I feel like the more reasonable answer here is to just let the user take the latency hit. Surely requests being somewhat slower is preferable to requests being outright bitbucketed, right?
CF is bascically saying "we can know your IP but not the site you are trying to resolve" (that will know your IP anyway once you navigate there).
Whereas not loading at all looks like archive.is issue but is ultimately caused by archive.is.
> CF is bascically saying "we can know your IP but not the site you are trying to resolve" (that will know your IP anyway once you navigate there).
Not necessarily. For example, the DNS query could go straight to CF while the eventual request to archive.is goes through a proxy or VPN.
You don't need to make any such assumption; the above point stands even in the case of simply hitting the "wrong" (i.e. geographically suboptimal) CDN endpoint.
But for a site that essentially tries to serve you static content as quickly as possible and mostly all at once, that would probably introduce more overhead than it's worth.
I get that they don't want to "take the blame" but it seems like both parties are performing reasonable actions that butt heads but that one party resolves that by just not performing the service. To me that feels like a worse outcome than slow service, as it just looks like the site is down.
The next naive question I have is about the response of truncation. I understand Cloudflare is preserving privacy. Archive says that privacy is preserved because they truncate the PII. Is this truncation verifiable in the request from Cloudflare? If not, then this seems like an unreasonable expectation ("just trust me bro").
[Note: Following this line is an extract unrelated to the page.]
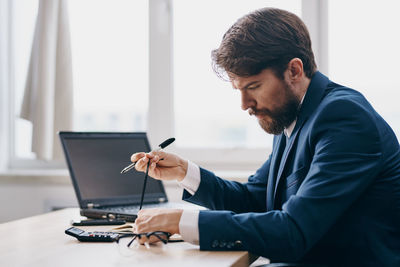 Side view of businessman using laptop at office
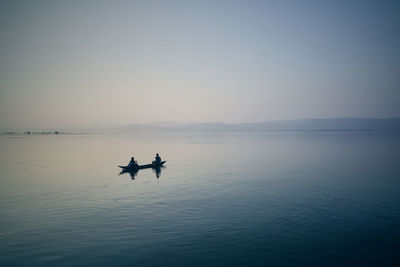 People in boat on river against clear sky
Again, personally I'd rather have the latency hit and I'm not sure I'm seeing a good argument against this.
True, but it's still the difference between being able to load all embedded resources from a server close to the user or potentially having to haul all of that across an ocean, considering TCP congestion window scaling (which is sensitive to round trip times) etc.
All that said, based on a purported comment by the maintainer of archive.is, the aim of their CDN is actually not improving responsivity, but delaying legal/law enforcement responses: >>36971650
> Archive says that privacy is preserved because they truncate the PII.
Personally, I don't have a lot of sympathy for either party here:
I think, especially given the comment linked above, Archive's latency/efficiency concerns are just pretext for quite different concerns of their own (having to deal with law enforcement).
And on the other hand, while Cloudflare's EDNS subnet truncation might help user privacy in a few edge cases (as many have said here, the visited site will get the user's IP as soon as they connect to their servers!), it also makes it that much harder for CDNs other than Cloudflare to efficiently serve content using DNS-based routing and forces them to also use Anycast, which is much harder to do.